It's worth discussing because it is an aspect of thrashing.
"Rough consensus and running code", the traditional "Implementation"
advice in NFS specs, etc.

> > > I don't see how a client can guarantee more than that. Locking too has
> > > the same problem: a page can get ejected by the memory reclaimer for
> > > instance before the process has accessed it. We may be widening the
> > > window for thrashing, but we certainly didn't create it.
> > 
> > If by "Locking" you mean byte range caching without cache coherency,
> > I don't see the problem. If a byte range delegation is recalled,
> > the client can send its byte range locks to the server, and after
> > that use synchronous I/O for the locked ranges. You lose performance, but
> > because you aren't attempting true POSIX semantics, you aren't introducing
> > new problems. This is the same contract NFSv4.0 whole file delegations 
> > provide. (But I've yet to be convinced that cache coherent NFS is NFS).
> 
> You have the same problem. In the case of a low memory situation, the
> kernel threads that handle recovering locks could end up not getting
> scheduled until after the server forcibly revokes the delegation.

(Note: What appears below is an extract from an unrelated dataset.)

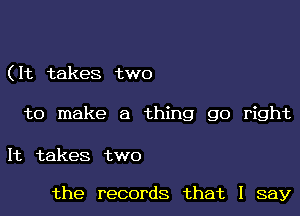 ( It takes two

to make a thing go right

It takes two

the records that I say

Revocation is not recall. Nor is it a new problem.

> I agree this is unlikely, but you appear to be raising this issue as a
> bogeyman in one case, but not the other. What is the central issue here
> that I am missing?

What you are missing is the difference between caching and cache consistency.
NFS has never taken on the latter; leaving it for other players, who have yet
to succeed in the market place. In NFS caching works as long as there isn't
contention. Once there's contention, clients stop caching.

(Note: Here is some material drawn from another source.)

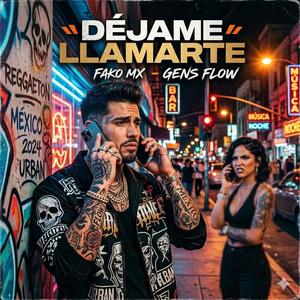 Dejame Llamarte (feat. Gens Flow)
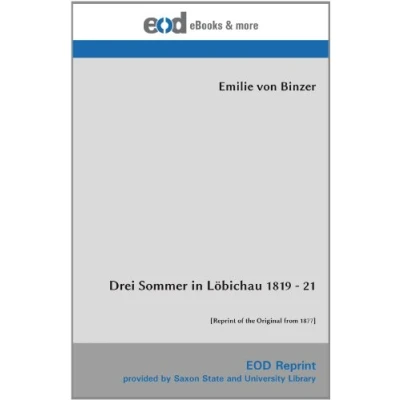 Abbildung von Drei Sommer in Löbichau 1819 21: [Reprint of the Original from 1877]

> Let's start simple with actual cases...
> 
> Two (or more) clients are contending for the same page. One obtains a
> byte range delegation but with an immediate recall notice. It holds on
> to it until the page has been accessed (or until one lease period has
> elapsed) then returns the delegation on that page. The next client then

Just because a lease period has elapsed doesn't mean the page has been
accessed. Just because the page has been accessed doesn't mean forward progress
is made. Although for an operating system with real time scheduling it
might be sufficient to assert that if a processed has been dispatched for
N units of time, that is a guarantee of forward progress. That may be
the solution.

Holding onto the page for the lease period in face of contention strikes
me as very undesirable.

> gets the delegation, etc... Where do you think there is a problem with
> making progress in this scenario?

How does an NFS file system plugged into a file system switch know that
the mmapped file has been accessed? Only the processor, the memory, and 
all physical components in between the two know, and they know nothing
about NFSv4.x, though I can imagine extensions to hardware that efficiently
mark when an instruction has completed its memory access.